La pesadilla continúa en El Yugo de Castilla

La emblemática bodega El Yugo de Castilla y su responsable, Cristóbal Berzosa, sigue envuelta en una auténtica pesadilla. El paso del programa de Alberto Chicote no ha supuesto un impulso, ni mucho menos. Es más, como dice Cristóbal, "abro cuando me da la gana", dice mientras planea un nuevo proyecto para El Yugo.

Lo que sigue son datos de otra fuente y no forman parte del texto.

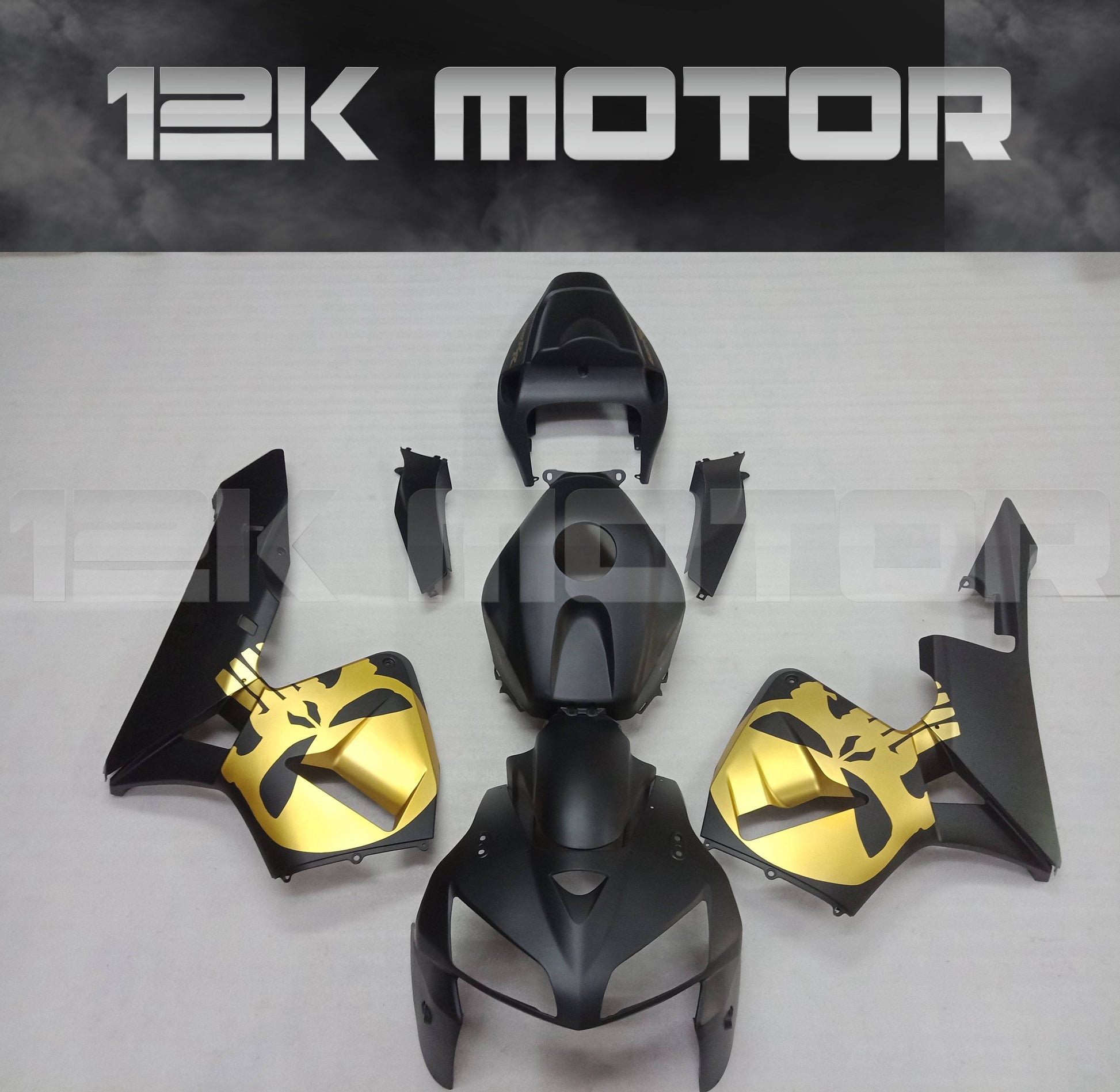 Aftermarket motorcycle fairing kit for HONDA CBR600RR in black, gold, and gray colors, displayed on a flat surface.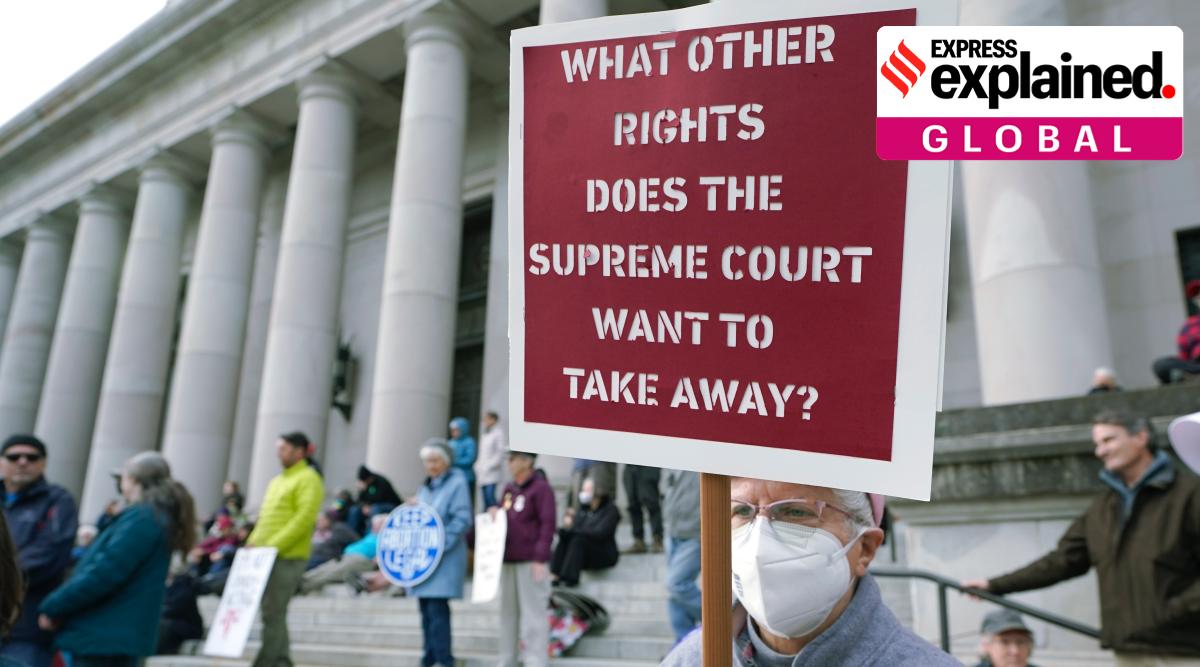 A person holds a sign referencing the US Supreme Court as they take part in a rally in favour of abortion rights on the steps of the Temple of Justice, which houses the Washington state Supreme Court, Tuesday, May 3, 2022, at the Capitol in Olympia, Wash. (AP Photo/Ted S. Warren, File)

Pesadilla en la cocina se plantó en Boecillo para seguir con su show y Alberto Chicote acertó con el personaje. Cristóbal Berzosa es El Yugo y El Yugo ya no es lo que era. Como tampoco Cristóbal quien cuenta entre enfadado y contento sus nuevos proyectos para una bodega emblemática que no ha rentabilizado el paso del afamado programa de La Sexta. Incluso, detrás  de la emisión de Pesadilla en la cocina hay fuentes que apuntan hacia una especie de campaña encubierta para relanzar El Yugo de Castilla y venderlo. Cristóbal no lo niega y con su vocabulario tan especial nos asegura que "lo que quiero hacer es vender la puta bodega".

 

También dice que no tiene ganas de hablar, que le han propuesto firmar un contrato para el programa Sálvame de Telecinco y se lo está pensando, pero unos segundos después expone su nueva idea para El Yugo de Castilla: "Quiero dividirla. Son 2.600 metros y aquí se pueden hacer muchas cosas. He pensado en montar varias cosas como una sala de fiestas, una tienda de antigüedades y varios restaurantes más aquí dentro".

 

Lo cierto es que Pesadilla en la cocina se grabó en el mes de enero aunque no se emitió hasta el pasado 16 de mayo. Entre ambas fechas, y ya con la remodelación del programa hecha, El Yugo estuvo cerrado desde finales de marzo hasta bien entrado el mes de abril por un problema con la suministradora eléctrica, con la luz enganchada a un poste según diferentes testigos. Después llegó su salida en televisión y la repercusión que tuvo, para nada plasmada en nueva afluencia de clientes. "Pudo haber algo de movimiento por la curiosidad inicial, pero nada más porque no hay una continuidad en las aperturas. Este fin de semana sí que ha estado abierto, pero esto no ocurre siempre", comentan desde las bodegas próximas a El Yugo, testigos de la irrupción del imperio y su posterior caída. 

 

El propio Cristóbal Berzosa ratifica su filosofía. "Abro y cierro cuando me da la gana y ya está", apunta para ratificar lo que dijo durante el programa después de la remodelación que efectuó el equipo de Alberto Chicote. "Me lo han dejado fatal, me han jodido la bodega", repite como dijera en la grabación mientras habla de su futuro. "Yo quiero dedicarme a mi botella, mi patente y las cosas que quiera hacer".

 

La pesadilla de El Yugo continúa. Es imposible realizar reservas por teléfono porque ya no funciona, Cristóbal sigue a la búsqueda de socios para ese proyecto ambicioso que propone y detrás de las cámaras hay una búsqueda de show y negocio. "A mí me llamaron para esta segunda temporada del programa porque querían darle otro enfoque. Antes lo hacían más orientado a que estaba sucio o que todo era un desastre, pero se quedaron sin restaurantes interesados. Ahora van más hacia la gestión y yo mismo les dije que le podría interesar a Cristóbal", comenta un vecino de El Yugo, propietario de una bodega, para descubrir que al mencionar el nombre de El Yugo de Castilla el equipo de Chicote enseguida el cocinero preguntó si seguía Berzosa al frente del mismo para enfocar el programa hacia esa relación personal del famoso cocinero con Cristóbal. 

 

¿Operación de marketing para una futura venta de El Yugo? Todo apunta a que sí, pero lo cierto es que el paso de Pesadilla en la cocina tampoco ha servido para relanzar la histórica bodega. Quizá porque su dueño abre "cuando le da la gana" y así es difícil estabilizar una clientela que, aunque todavía siente curiosidad, asume la realidad. La pesadilla continúa.